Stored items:
▬▬▬▬▬▬▬▬▬▬

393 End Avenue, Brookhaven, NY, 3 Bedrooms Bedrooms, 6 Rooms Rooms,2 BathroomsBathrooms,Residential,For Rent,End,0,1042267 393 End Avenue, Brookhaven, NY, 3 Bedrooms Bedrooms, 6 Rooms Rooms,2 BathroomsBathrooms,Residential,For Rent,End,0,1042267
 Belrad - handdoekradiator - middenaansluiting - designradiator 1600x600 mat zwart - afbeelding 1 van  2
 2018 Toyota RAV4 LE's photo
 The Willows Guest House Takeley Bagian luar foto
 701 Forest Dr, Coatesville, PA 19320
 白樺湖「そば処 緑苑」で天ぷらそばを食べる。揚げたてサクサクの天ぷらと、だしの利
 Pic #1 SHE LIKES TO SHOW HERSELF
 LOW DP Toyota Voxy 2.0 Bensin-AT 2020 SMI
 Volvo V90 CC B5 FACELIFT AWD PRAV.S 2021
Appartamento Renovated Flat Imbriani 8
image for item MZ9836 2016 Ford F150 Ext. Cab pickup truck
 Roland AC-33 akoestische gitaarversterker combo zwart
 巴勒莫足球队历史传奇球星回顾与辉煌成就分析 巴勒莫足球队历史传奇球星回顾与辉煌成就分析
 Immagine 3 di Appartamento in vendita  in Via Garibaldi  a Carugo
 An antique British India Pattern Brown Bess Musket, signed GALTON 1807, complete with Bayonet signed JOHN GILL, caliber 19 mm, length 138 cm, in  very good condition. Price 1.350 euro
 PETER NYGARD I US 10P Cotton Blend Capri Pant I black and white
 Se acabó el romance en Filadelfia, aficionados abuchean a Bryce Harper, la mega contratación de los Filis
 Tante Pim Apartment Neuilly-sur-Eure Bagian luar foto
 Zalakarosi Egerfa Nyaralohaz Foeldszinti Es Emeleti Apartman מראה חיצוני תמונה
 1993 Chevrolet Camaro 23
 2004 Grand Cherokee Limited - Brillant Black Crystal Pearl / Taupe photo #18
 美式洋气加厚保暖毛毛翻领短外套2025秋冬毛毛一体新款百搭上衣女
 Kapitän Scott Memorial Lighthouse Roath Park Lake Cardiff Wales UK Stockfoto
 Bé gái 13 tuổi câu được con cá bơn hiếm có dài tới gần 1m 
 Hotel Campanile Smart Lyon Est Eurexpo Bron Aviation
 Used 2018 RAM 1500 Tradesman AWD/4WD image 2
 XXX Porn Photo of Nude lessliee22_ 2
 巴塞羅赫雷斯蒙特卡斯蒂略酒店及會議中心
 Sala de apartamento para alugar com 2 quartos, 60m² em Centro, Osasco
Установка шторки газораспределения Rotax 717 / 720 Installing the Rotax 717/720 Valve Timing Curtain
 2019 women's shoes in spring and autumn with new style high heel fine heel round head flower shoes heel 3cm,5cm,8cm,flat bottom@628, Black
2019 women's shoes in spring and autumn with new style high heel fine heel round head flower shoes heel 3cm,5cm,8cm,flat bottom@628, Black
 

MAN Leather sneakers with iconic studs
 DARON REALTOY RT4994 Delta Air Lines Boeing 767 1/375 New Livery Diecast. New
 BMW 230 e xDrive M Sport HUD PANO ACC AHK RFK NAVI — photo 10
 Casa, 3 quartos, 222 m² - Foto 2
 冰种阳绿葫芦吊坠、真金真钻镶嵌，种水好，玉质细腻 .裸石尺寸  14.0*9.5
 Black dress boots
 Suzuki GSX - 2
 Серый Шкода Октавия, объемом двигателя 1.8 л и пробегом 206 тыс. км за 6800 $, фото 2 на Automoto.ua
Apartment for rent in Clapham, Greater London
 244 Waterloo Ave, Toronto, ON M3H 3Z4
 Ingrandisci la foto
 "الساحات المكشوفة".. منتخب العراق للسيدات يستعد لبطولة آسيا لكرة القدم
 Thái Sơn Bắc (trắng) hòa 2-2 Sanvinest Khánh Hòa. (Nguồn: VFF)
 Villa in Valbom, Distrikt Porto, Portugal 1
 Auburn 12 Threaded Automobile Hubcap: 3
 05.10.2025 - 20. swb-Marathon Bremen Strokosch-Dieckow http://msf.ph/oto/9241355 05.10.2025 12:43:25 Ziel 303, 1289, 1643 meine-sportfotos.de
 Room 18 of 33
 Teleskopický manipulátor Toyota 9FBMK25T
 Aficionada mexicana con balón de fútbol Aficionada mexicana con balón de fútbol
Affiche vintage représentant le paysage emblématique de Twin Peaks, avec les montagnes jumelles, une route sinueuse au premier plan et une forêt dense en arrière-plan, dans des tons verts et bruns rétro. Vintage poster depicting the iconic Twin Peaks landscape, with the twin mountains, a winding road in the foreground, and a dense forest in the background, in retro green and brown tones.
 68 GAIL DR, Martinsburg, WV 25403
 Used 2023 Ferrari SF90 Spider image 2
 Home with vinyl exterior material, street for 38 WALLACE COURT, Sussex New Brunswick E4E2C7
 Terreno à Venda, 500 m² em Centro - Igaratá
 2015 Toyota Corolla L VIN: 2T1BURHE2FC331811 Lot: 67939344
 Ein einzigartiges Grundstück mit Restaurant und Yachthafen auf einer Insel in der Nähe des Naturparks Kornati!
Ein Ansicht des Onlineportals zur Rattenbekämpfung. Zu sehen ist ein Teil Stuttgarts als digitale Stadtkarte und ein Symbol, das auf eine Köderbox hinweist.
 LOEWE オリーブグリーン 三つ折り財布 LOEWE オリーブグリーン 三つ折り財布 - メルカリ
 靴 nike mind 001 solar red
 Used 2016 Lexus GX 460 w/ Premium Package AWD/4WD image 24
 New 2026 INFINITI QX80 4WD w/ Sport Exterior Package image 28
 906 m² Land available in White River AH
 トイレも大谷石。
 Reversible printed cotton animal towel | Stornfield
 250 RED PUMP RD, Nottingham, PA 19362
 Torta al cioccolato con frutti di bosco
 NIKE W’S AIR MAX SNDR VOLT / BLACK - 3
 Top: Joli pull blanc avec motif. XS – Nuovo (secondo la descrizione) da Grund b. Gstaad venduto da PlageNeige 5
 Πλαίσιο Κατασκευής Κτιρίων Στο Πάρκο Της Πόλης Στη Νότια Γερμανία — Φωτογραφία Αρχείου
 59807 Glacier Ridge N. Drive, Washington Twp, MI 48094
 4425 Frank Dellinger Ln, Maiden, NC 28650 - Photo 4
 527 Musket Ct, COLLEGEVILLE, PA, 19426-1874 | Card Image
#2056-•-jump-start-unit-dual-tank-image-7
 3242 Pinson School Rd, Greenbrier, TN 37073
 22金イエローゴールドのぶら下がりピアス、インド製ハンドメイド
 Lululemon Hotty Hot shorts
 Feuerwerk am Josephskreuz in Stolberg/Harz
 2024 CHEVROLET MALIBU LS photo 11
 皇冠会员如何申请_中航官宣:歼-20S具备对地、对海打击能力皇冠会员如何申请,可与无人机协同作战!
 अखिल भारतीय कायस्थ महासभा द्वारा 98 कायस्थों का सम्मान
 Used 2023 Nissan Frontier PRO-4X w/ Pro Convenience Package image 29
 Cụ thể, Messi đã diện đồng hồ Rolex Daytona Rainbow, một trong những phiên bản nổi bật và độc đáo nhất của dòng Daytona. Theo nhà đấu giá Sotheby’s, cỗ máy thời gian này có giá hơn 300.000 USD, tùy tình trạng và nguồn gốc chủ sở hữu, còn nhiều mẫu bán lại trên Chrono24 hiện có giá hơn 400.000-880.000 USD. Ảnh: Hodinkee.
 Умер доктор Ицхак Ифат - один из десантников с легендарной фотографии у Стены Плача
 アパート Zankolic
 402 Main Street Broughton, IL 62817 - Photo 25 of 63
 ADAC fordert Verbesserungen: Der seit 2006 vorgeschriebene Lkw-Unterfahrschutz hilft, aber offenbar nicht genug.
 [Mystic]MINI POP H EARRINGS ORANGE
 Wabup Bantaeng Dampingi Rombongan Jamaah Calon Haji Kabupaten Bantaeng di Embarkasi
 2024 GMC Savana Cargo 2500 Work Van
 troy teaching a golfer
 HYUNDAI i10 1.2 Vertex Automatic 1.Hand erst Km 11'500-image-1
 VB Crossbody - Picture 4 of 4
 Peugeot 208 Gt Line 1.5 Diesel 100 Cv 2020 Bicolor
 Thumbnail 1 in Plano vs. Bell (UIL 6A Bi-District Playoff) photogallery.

▬▬▬▬▬▬▬▬▬▬

YOUR TASK
Using the data above, transcribe the lines that run from the line with "Belrad - handdoekradiator" to the line with "Bé gái 13 tuổi", both ends kept, and output nothing else.

WRITTEN RESPONSE
 Belrad - handdoekradiator - middenaansluiting - designradiator 1600x600 mat zwart - afbeelding 1 van  2
 2018 Toyota RAV4 LE's photo
 The Willows Guest House Takeley Bagian luar foto
 701 Forest Dr, Coatesville, PA 19320
 白樺湖「そば処 緑苑」で天ぷらそばを食べる。揚げたてサクサクの天ぷらと、だしの利
 Pic #1 SHE LIKES TO SHOW HERSELF
 LOW DP Toyota Voxy 2.0 Bensin-AT 2020 SMI
 Volvo V90 CC B5 FACELIFT AWD PRAV.S 2021
Appartamento Renovated Flat Imbriani 8
image for item MZ9836 2016 Ford F150 Ext. Cab pickup truck
 Roland AC-33 akoestische gitaarversterker combo zwart
 巴勒莫足球队历史传奇球星回顾与辉煌成就分析 巴勒莫足球队历史传奇球星回顾与辉煌成就分析
 Immagine 3 di Appartamento in vendita  in Via Garibaldi  a Carugo
 An antique British India Pattern Brown Bess Musket, signed GALTON 1807, complete with Bayonet signed JOHN GILL, caliber 19 mm, length 138 cm, in  very good condition. Price 1.350 euro
 PETER NYGARD I US 10P Cotton Blend Capri Pant I black and white
 Se acabó el romance en Filadelfia, aficionados abuchean a Bryce Harper, la mega contratación de los Filis
 Tante Pim Apartment Neuilly-sur-Eure Bagian luar foto
 Zalakarosi Egerfa Nyaralohaz Foeldszinti Es Emeleti Apartman מראה חיצוני תמונה
 1993 Chevrolet Camaro 23
 2004 Grand Cherokee Limited - Brillant Black Crystal Pearl / Taupe photo #18
 美式洋气加厚保暖毛毛翻领短外套2025秋冬毛毛一体新款百搭上衣女
 Kapitän Scott Memorial Lighthouse Roath Park Lake Cardiff Wales UK Stockfoto
 Bé gái 13 tuổi câu được con cá bơn hiếm có dài tới gần 1m 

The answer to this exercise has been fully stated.